Work instruction. Pictures do not belong in the copy; restate the records below word for word.

Crawled caption data:
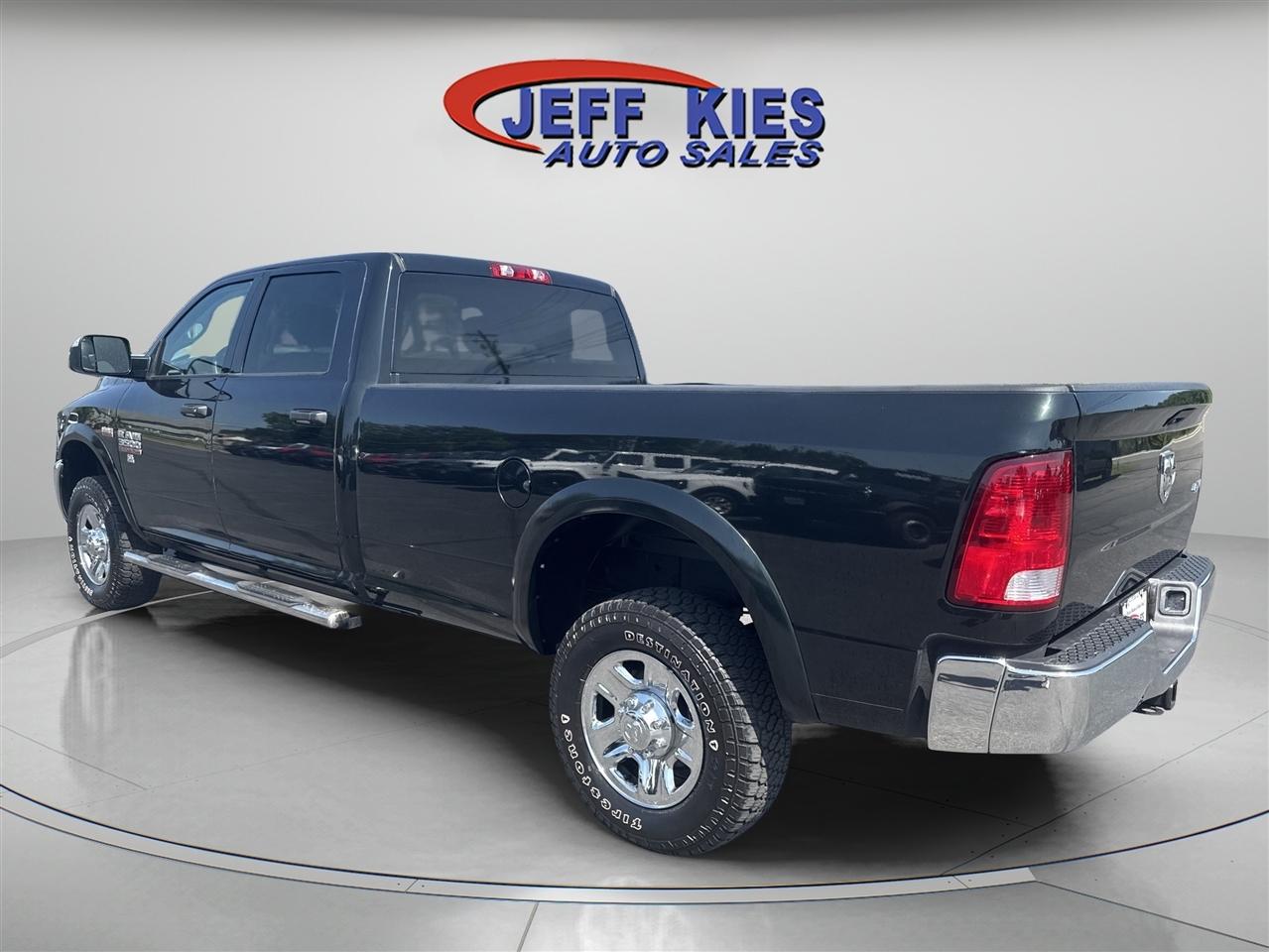 RAM 3500 Tradesman 4x4 Crew Cab 8' Box 2017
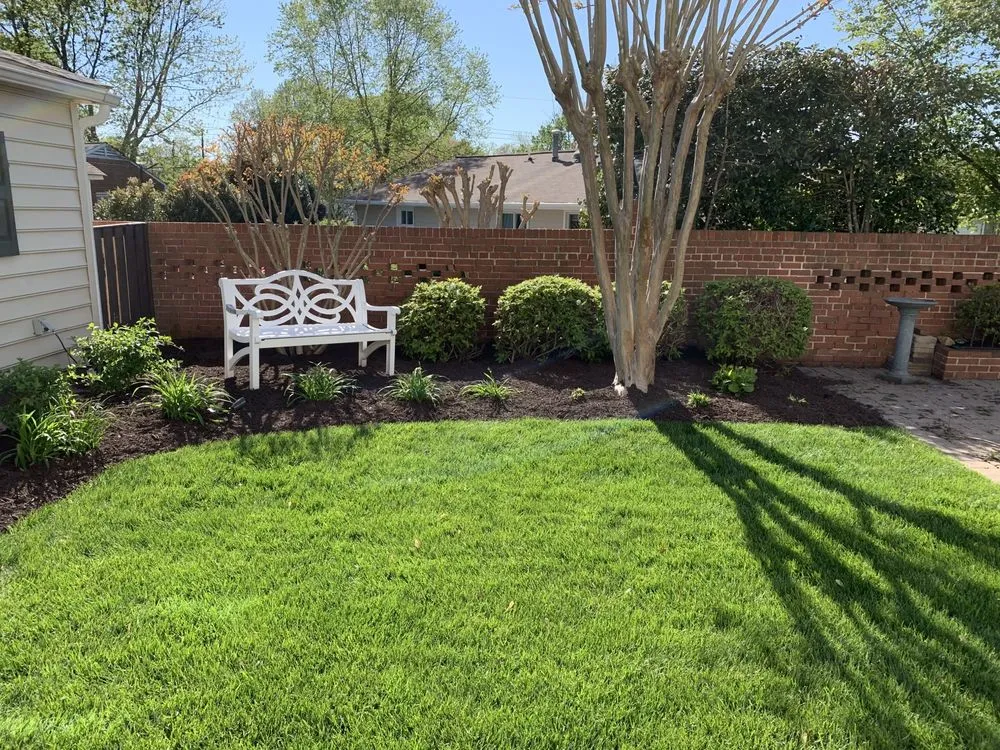 Custom yard maintenance in Alexandria, VA by Caribbean Services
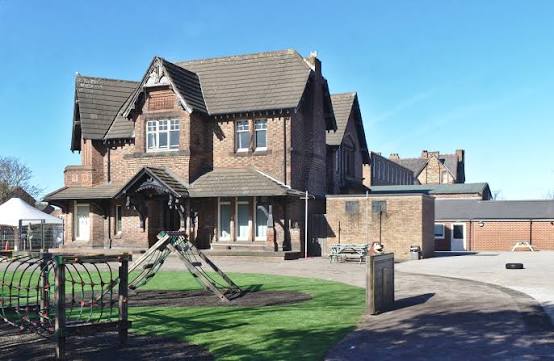 File:Ursuline Catholic Primary School, Blundellsands.jpg - Wikimedia Commons
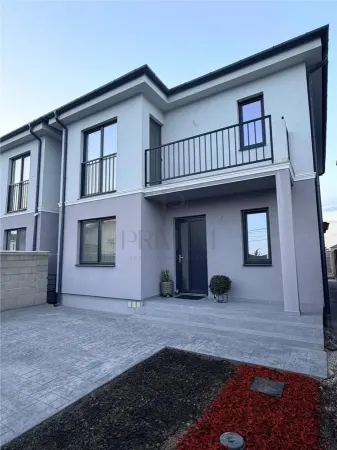 Casă 5 camere Moșnița Veche - poza 1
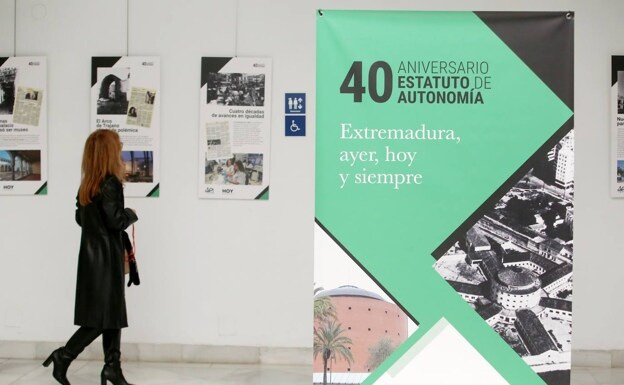 Una mujer contempla la muestra. 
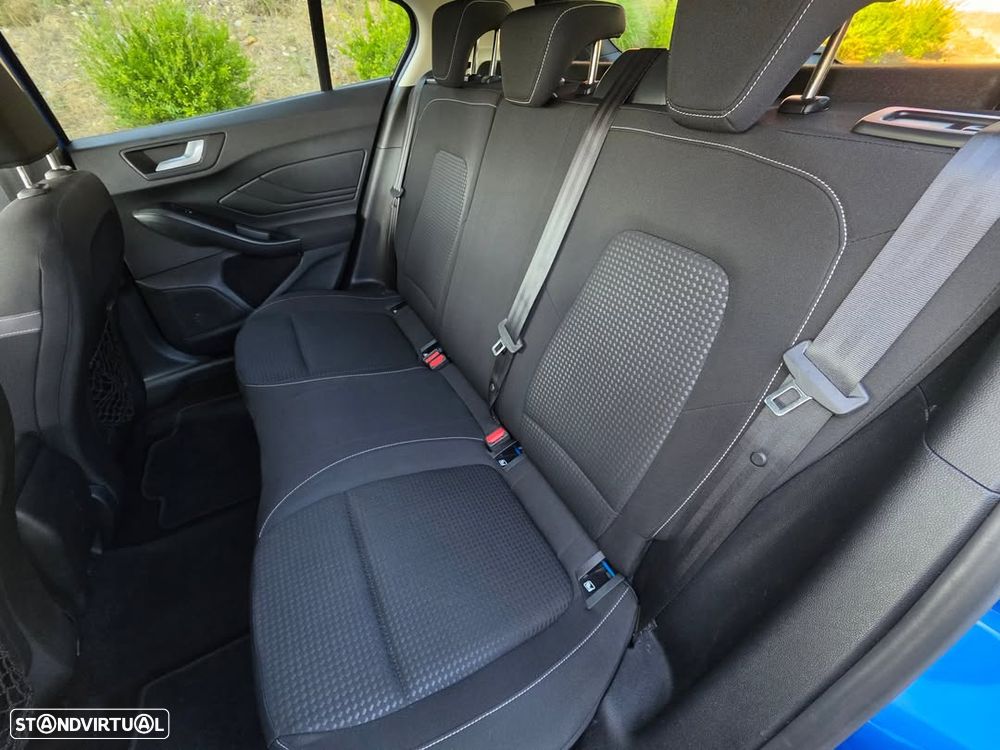 Ford Focus 1.5 TDCi ECOBlue Business Aut. - 7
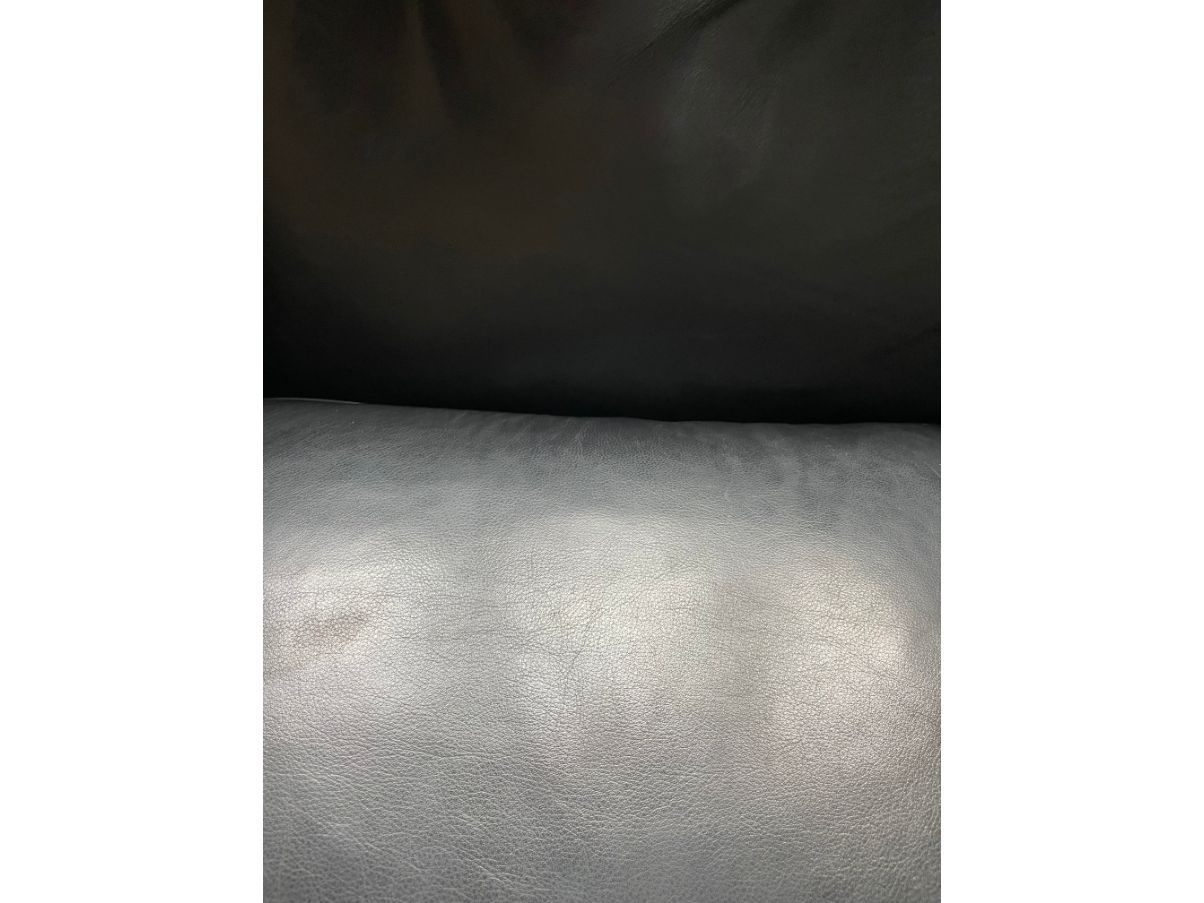 Divano nero in pelle di vitello, Poltrona Frau Details
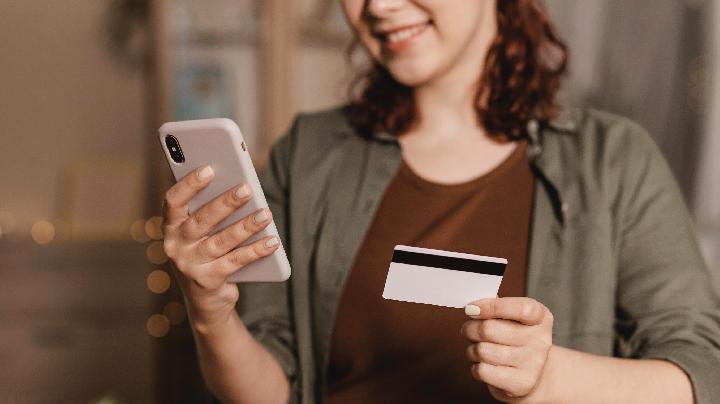 Nasabah melakukan transaksi menggunakan kartu angsuran Bank Mega melalui ponsel. Dok. Rankpillar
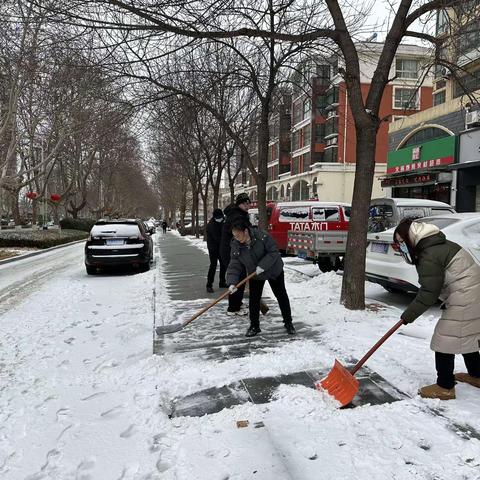 榆山街道五岭社区:城管进社区——“门前五包”保畅通   扫冰除雪惠民生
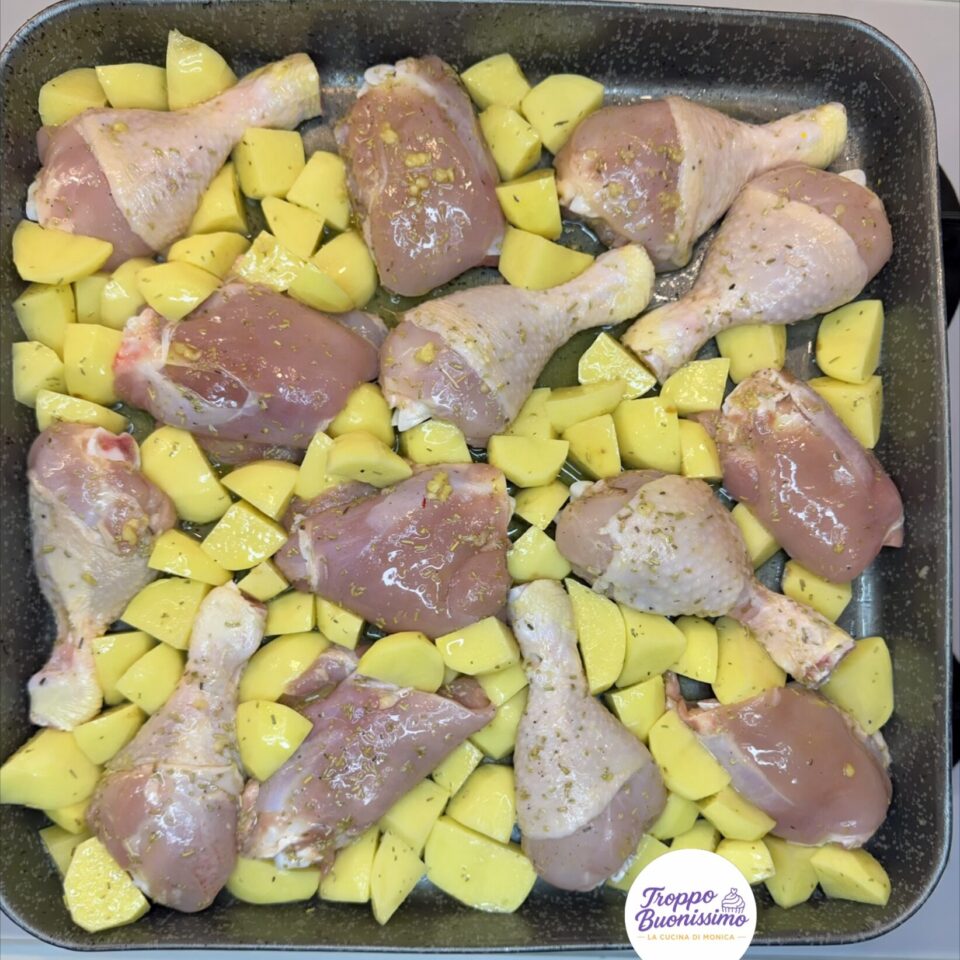 Pollo crudo in teglia pronto per la cottura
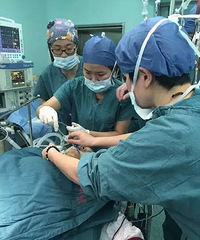 "浙江产妇除夕夜突发羊水栓塞 惊心动魄两小时生死大抢"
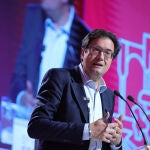 Oscar López en la clausura del V Congreso de FSC-CCOO en Granada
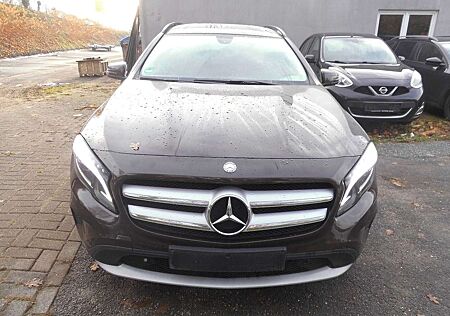 Mercedes-Benz GLA 180 CDI / d AHK/Navi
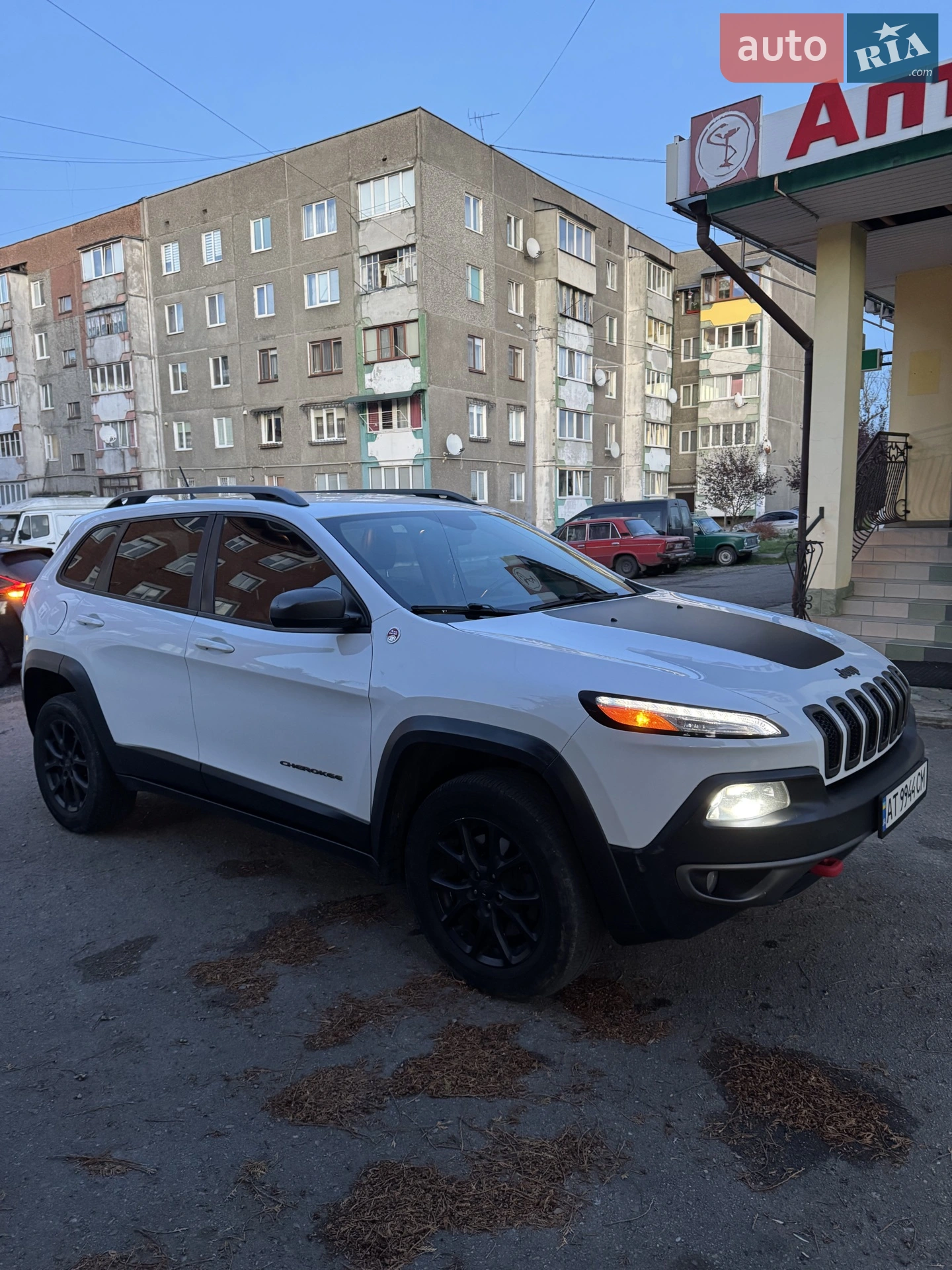 2014 Jeep Cherokee - мініатюра 3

Written response.
 RAM 3500 Tradesman 4x4 Crew Cab 8' Box 2017
 Custom yard maintenance in Alexandria, VA by Caribbean Services
 File:Ursuline Catholic Primary School, Blundellsands.jpg - Wikimedia Commons
 Casă 5 camere Moșnița Veche - poza 1
 Una mujer contempla la muestra. 
 Ford Focus 1.5 TDCi ECOBlue Business Aut. - 7
 Divano nero in pelle di vitello, Poltrona Frau Details
 Nasabah melakukan transaksi menggunakan kartu angsuran Bank Mega melalui ponsel. Dok. Rankpillar
 榆山街道五岭社区:城管进社区——“门前五包”保畅通   扫冰除雪惠民生
 Pollo crudo in teglia pronto per la cottura
 "浙江产妇除夕夜突发羊水栓塞 惊心动魄两小时生死大抢"
 Oscar López en la clausura del V Congreso de FSC-CCOO en Granada
 Mercedes-Benz GLA 180 CDI / d AHK/Navi
 2014 Jeep Cherokee - мініатюра 3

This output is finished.